**REQUIRED WORK:** Every line from the line containing "Banc de style" through the end of the data is to be reproduced exactly, excluding pictures.

**DATA SECTION:**
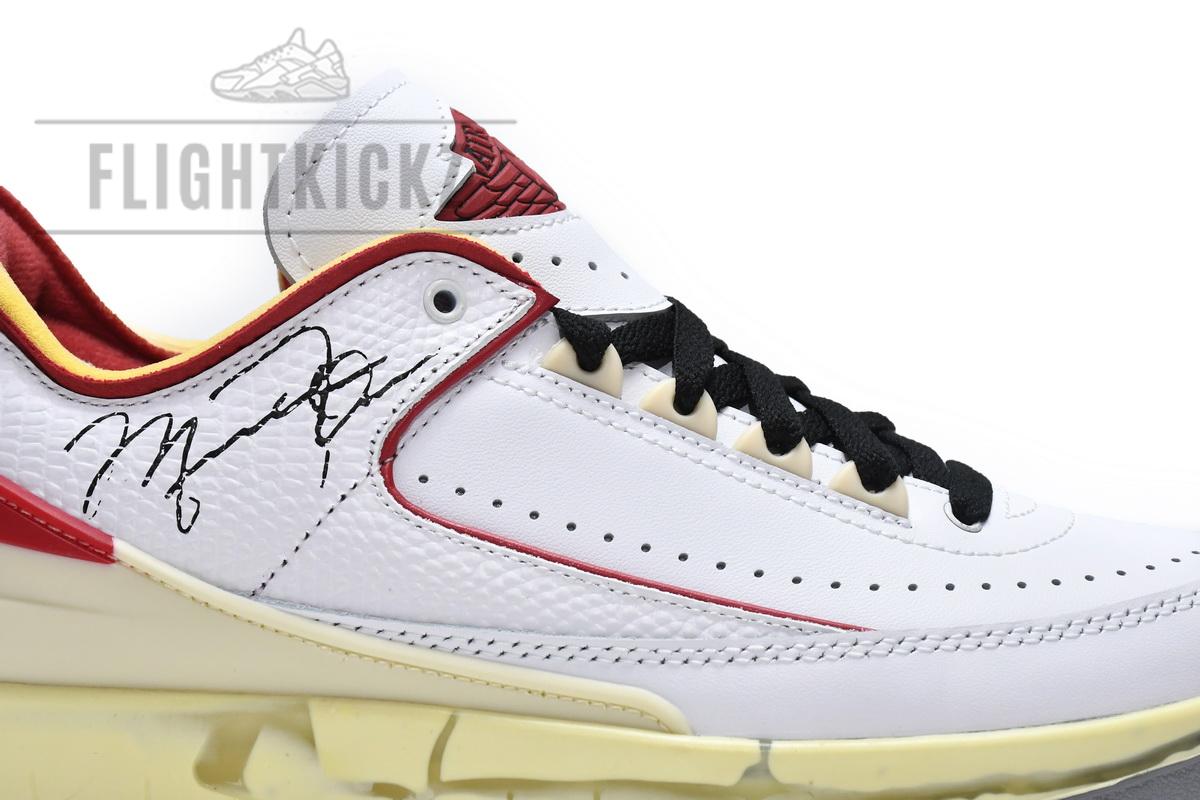 DJ4375-106 Off White x Air Jordan 2 Retro Low SP White and Varsity Red - Image 5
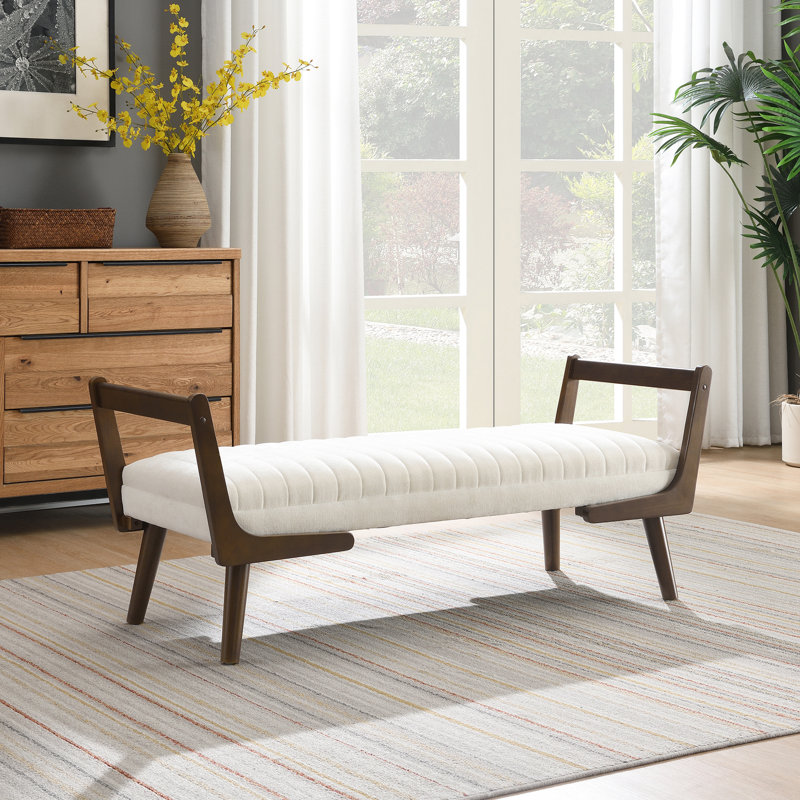 Banc de style Mid-Century de 52 po avec accents et chenille douce, idéal pour les tabourets de repose-pieds modernes de 52 pouces, coussin en mousse haute densité, tissu de chenille beige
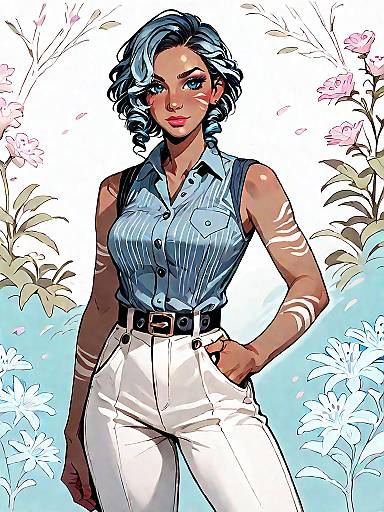 Cinematic Fashion: Olive-Skinned Woman in Jumpsuit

**SOLUTION TO THIS TASK:**
 Banc de style Mid-Century de 52 po avec accents et chenille douce, idéal pour les tabourets de repose-pieds modernes de 52 pouces, coussin en mousse haute densité, tissu de chenille beige
 Cinematic Fashion: Olive-Skinned Woman in Jumpsuit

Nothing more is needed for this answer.